Grants of options under the Plan are accounted for following the APB Opinion No.
25 and related interpretations. Accordingly, no compensation expense has been
recognized under the Plan. Had compensation expense been recorded, based on fair
values of the awards at the grant date (the method prescribed in SFAS No. 123),
reported net income and earnings per share would have been reduced to the pro
forma amounts shown in the following table:
- 20 -
Note 1. Summary of Significant Accounting Policies (Continued)
2002 2001 2000
--------------------------------------
Net Income (in thousands, except per share amounts)

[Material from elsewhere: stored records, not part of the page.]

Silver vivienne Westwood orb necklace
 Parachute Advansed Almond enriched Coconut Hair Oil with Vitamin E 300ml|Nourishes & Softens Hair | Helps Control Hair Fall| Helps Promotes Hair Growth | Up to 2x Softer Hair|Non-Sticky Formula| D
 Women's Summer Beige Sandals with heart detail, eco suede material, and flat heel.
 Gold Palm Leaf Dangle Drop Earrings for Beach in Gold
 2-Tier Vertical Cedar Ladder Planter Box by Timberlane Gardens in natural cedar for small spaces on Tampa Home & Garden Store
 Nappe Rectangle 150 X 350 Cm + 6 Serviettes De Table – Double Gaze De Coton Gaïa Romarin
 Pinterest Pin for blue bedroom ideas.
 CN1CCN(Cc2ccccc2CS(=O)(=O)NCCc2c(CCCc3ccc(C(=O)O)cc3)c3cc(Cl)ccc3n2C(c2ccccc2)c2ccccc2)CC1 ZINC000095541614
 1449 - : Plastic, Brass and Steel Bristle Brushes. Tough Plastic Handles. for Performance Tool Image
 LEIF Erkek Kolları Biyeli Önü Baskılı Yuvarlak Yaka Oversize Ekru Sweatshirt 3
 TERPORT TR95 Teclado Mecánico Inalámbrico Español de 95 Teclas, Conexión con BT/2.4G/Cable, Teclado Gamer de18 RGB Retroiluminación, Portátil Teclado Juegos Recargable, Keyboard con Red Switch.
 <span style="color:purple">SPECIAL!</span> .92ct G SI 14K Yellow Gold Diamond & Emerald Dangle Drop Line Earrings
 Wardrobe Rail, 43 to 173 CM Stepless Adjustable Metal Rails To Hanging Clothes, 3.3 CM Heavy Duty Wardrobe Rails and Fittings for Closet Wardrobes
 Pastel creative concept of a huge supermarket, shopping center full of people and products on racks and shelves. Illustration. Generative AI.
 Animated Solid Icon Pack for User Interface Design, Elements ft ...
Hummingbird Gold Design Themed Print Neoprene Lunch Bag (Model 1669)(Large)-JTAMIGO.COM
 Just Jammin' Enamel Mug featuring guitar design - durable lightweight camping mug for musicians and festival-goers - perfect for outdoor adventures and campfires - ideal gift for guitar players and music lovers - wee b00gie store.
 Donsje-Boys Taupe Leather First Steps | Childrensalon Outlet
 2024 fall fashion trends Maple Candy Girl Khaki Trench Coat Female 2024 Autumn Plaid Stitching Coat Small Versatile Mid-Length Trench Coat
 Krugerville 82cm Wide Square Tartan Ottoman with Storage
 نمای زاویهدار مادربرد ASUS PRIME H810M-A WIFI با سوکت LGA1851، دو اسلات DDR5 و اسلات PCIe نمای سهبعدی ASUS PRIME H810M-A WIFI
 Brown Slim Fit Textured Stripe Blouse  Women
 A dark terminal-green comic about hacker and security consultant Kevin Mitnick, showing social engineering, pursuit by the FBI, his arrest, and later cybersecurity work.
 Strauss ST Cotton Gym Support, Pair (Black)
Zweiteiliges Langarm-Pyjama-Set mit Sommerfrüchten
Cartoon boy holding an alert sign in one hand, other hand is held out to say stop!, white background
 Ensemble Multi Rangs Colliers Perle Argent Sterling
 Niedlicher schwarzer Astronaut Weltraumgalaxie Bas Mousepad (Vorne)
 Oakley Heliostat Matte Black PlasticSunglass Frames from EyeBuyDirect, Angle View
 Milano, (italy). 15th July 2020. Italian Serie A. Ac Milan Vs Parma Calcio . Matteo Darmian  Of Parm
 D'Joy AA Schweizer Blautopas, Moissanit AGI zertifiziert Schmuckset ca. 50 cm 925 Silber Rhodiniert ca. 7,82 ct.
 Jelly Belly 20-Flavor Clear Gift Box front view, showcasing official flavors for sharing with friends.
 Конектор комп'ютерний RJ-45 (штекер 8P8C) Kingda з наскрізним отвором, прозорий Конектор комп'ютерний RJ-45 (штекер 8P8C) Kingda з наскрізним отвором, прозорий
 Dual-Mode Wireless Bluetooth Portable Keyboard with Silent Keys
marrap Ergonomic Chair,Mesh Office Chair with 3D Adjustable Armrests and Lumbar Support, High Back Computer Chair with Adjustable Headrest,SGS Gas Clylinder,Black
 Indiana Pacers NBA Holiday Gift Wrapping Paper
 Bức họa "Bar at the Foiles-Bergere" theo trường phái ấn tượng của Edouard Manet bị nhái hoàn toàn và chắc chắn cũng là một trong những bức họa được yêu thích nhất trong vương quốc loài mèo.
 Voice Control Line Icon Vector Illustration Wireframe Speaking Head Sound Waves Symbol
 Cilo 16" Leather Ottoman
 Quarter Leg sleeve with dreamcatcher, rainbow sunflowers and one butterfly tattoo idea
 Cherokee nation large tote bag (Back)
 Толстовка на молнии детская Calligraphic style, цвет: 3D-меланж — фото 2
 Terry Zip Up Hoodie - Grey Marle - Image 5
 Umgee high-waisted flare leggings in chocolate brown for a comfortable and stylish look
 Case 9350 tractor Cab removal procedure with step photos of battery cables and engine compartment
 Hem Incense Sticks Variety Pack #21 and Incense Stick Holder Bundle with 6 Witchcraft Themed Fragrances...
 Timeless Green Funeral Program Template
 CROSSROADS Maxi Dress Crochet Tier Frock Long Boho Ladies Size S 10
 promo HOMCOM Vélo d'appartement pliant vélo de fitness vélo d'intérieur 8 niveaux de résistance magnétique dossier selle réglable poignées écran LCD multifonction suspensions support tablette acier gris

As reported $ 4,519 $ 16,372 $ 9,855
Pro forma 4,307 16,115 9,674
Earnings per share, basic and diluted
As reported, basic $ 1.20 $ 4.35 $ 2.62
As reported, diluted 1.20 4.34 2.61
Pro forma, basic 1.14 4.28 2.57
Pro forma, diluted 1.14 4.27 2.57
Earnings per share: Basic income (loss) per share is computed by dividing net
income (loss) by the weighted average number of common shares outstanding during
the year. Diluted income (loss) per share is computed by dividing the income
(loss) by the sum of the weighted average number of common shares outstanding
and potential dilutive common shares determined using the treasury stock method.
Because the Company reported a net loss from continuing operations in 2002, the
diluted income (loss) per share is the same as basic income (loss) per share
since including any potentially dilutive securities would be antidilutive to the
net loss per share from continuing operations. In 2001 and 2000, all options
were dilutive, except for the grants made in 2000. There were no adjustments to
net income (loss) in the computation of diluted earnings per share for any of
the years presented. The following tables show the computation of basic and
diluted earnings per share for 2002, 2001 and 2000:
2002 2001 2000
-------------------------------
Basic income (loss) per share (in thousands, except per share amounts)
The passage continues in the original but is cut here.